To digitize vinyl records and cassette tapes, a cassette deck or a turntable is used—depending on the original format—along with an audio amplifier and a computer. The audio signal from the deck or turntable is transmitted to the computer through the amplifier. Using recording software such as Audacity or Wavepad, the entire playback is captured in a digital file. Depending on the condition of the cassette or record, the resulting file may require additional processing to remove noise and enhance sound quality. Once the audio has been optimized, it is converted into a video file by adding an intro card specifically designed for this type of content. This process is automated through the use of a script and FFmpeg software. Finally, each file is manually extracted, catalogued, and tagged with the relevant information for its inclusion in the corpus.
Each video or audio file in the corpus is assigned a unique code that allows it to be identified based on several criteria: the type of humorous text (mon=monologue; chis=joke; ske=sketch; ven=ventriloquist), speaker characteristics (sex = M/H), generation or age (young=1, adult=2, elderly=3), speaker’s professional category (non-professional=0, professional=1), the province code, and the corresponding number within the corpus. For example, the code 0171-CHI-BARH21 refers to a joke (number 0171 in Humcor) from a male, adult, professional speaker from the province of Barcelona.

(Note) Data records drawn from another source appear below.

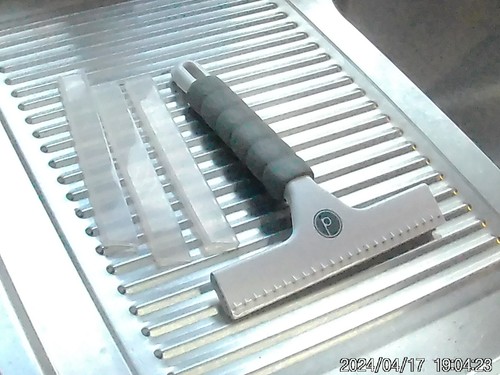 Desired tools premium squeegee - desired,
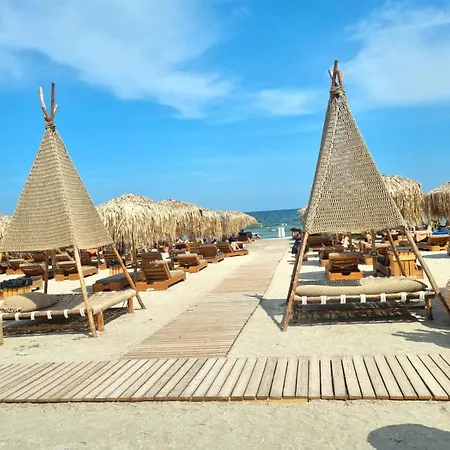 Coco De Mer In Infinity Pool & Spa Resort * Năvodari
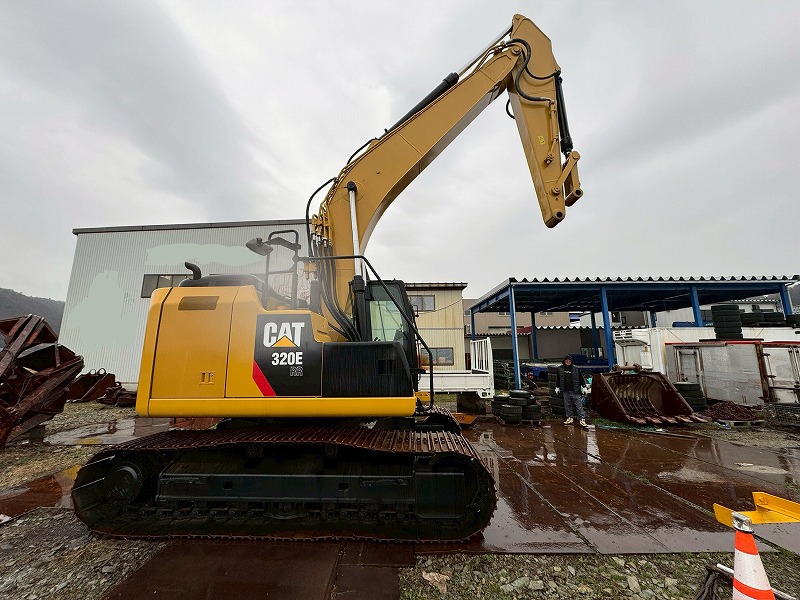 CAT320ERR-2  配管仕様 土木 認定中古車 キャタピラー ワイドシュー 標準シュー バケット付 0.7油圧ショベル 中古建設機械 写真1（株式会社広建機）
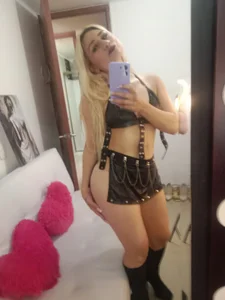 IvanaBliss kullanıcısının Just imagining what we could be together... gives me chills in my stomach albümü -  6 fotoğraf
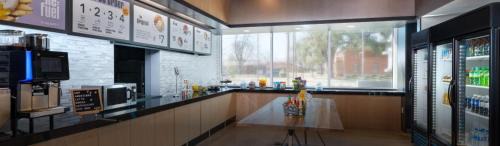 Brazos Hotel | Aloft by Marriott Waco Downtown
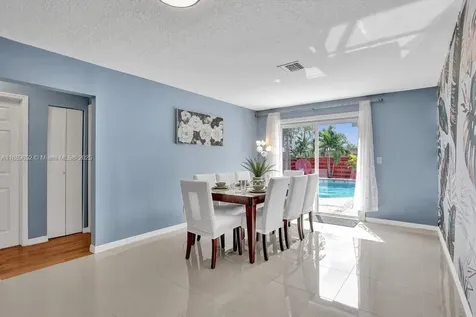 208 SW 2nd Avenue Hallandale Beach FL 33009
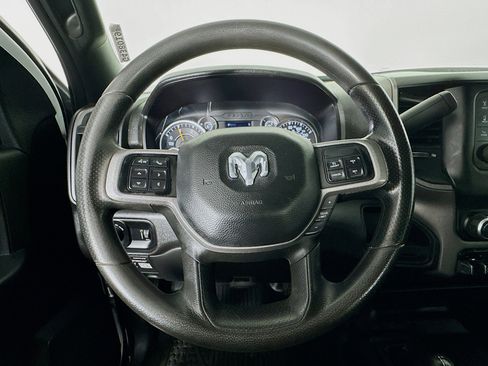 Used 2022 RAM 2500 Tradesman w/ Chrome Appearance Group image 11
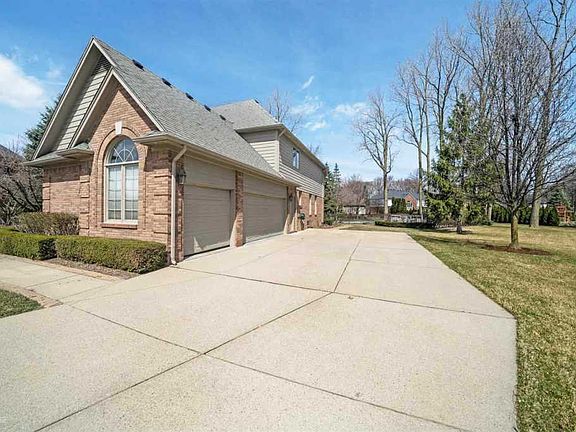 4th image of 52154 Highbury Ct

In the transcription of the files, the general rules of Spanish spelling are followed, with the exception of capital letters, which are reserved exclusively for proper names. For encoding, a minimal markup system based on Standard Generalized Markup Language (SGML) is used, following the specifications of the Text Encoding Initiative (TEI). Conventional punctuation marks are not used; instead, specific tags are employed to indicate pauses of varying durations.